The source code for the alignment instrumentation routine is shown in Figure
\ref{fig:alignment_src}.
The memory trace tool has a similar property. The goal of the {\tt memtrace}
tool is to make a trace of all the memory accesses in the program and output it
to a file for offline analysis. This includes the application PC, the effective
address, whether the access was a read or a write, and how large it was. Rather
than formatting a string to write to a file after every access, it is faster to
fill a buffer with this information and flush it every time it fills up. If the
buffer is not full, the analysis routine does little work. If the buffer is
full, it needs to perform IO, which will require making system calls. The
source code for the memory trace instrumentation routine is shown in Figure
\ref{fig:memtrace_src}.
\begin{figure}
\begin{verbatim}
void
check_access(ptr_uint_t ea, app_pc pc, uint size, bool write)
{
/* Check alignment. Assumes size is a power of two. */
if ((ea & (size - 1)) == 0) {
return;
}
dr_fprintf(STDOUT,
"Unaligned %s access to ea "PFX" at pc "PFX" of size %d\n",
(write ? "write" : "read"), ea, pc, size);
}
\end{verbatim}
\caption{Source for the instrumentation routine from the {\tt alignment} tool.}
\label{fig:alignment_src}
\end{figure}
\begin{figure}
\begin{verbatim}
typedef struct _memop_t {
ptr_uint_t ea;
ptr_uint_t pc;
uint size;
uint write;
} memop_t;
#define BUFFER_SIZE 1024
static uint pos;
static memop_t buffer[BUFFER_SIZE];
void
buffer_memop(ptr_uint_t ea, ptr_uint_t pc, uint size, bool write)
{
buffer[pos].ea = ea;
buffer[pos].pc = pc;
buffer[pos].size = size;
buffer[pos].write = write;
pos++;
if (pos >= BUFFER_SIZE)
flush_buffer();
}
\end{verbatim}
\caption{Source fragment for the {\tt memtrace} tool.}
\label{fig:memtrace_src}
\end{figure}
We believe that this pattern of having fast, early checks in analysis routines
is common.

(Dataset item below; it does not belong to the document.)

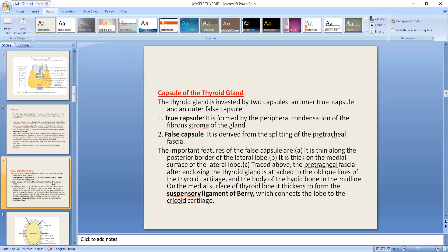An important feature is the capsule of the thyroid gland. The thyroid gland has two capsule layers: an inner true capsule and an outer false capsule. The false capsule is on the outer side and the true capsule is on the inner side.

For example, an undergraduate researcher in our group has been
working on a race detector for native applications using the FastTrack
algorithm\cite{fasttrack}. In the implementation, there is a notion of epochs
defined by synchronization events. Using shadow memory provided by
Umbra\cite{umbra}, the initial version of this tool checked if the memory in
question had been accessed during the last epoch. If so, it has already been
checked for races. It turned out that for most applications memory was reused
in the same epoch at least 50\% of the time, creating the fast path/slow path
structure that we believe is common. In later versions of the race detector,
the researcher generated custom instrumentation to implement the check inline
before jumping to an out of line clean call. Essentially, the researcher was
performing manual partial inlining, which is what we are attempting to do
automatically.
Before we dive into partial inlining, we need to cover how ordinary clean call
instrumentation works with complex argument values, as those are used throughout
our examples.
\section{Clean Calls with Arguments}
We have already discussed the major points about how clean calls work in Section
\ref{sec:clean_calls}. However, our previous instruction counting example did
not need to pass arguments to the instrumentation routine. Our alignment
checker and memory trace tool do.
Arguments to instrumentation calls in DynamoRIO are specified as x86 instruction
operands evaluated in the application context. We support calling functions
with as many arguments as can be passed in registers using the native platform
calling convention. However, we can only materialize arguments after we have
saved the register used to hold the argument, or we will clobber it. This
creates a chicken and egg problem, because the argument may, for example,
reference the stack pointer, which is different once we switch to DynamoRIO's
execution context. Because we cannot materialize arguments before the stack
switch or register spills, there is no safe point in the inlined code to simply
evaluate the argument operand as it is. Instead we have interpret it and
materialize it from the saved application context.
For immediate values, there is no complication. We simply use a {\tt mov}
instruction to materialize the value in the argument register.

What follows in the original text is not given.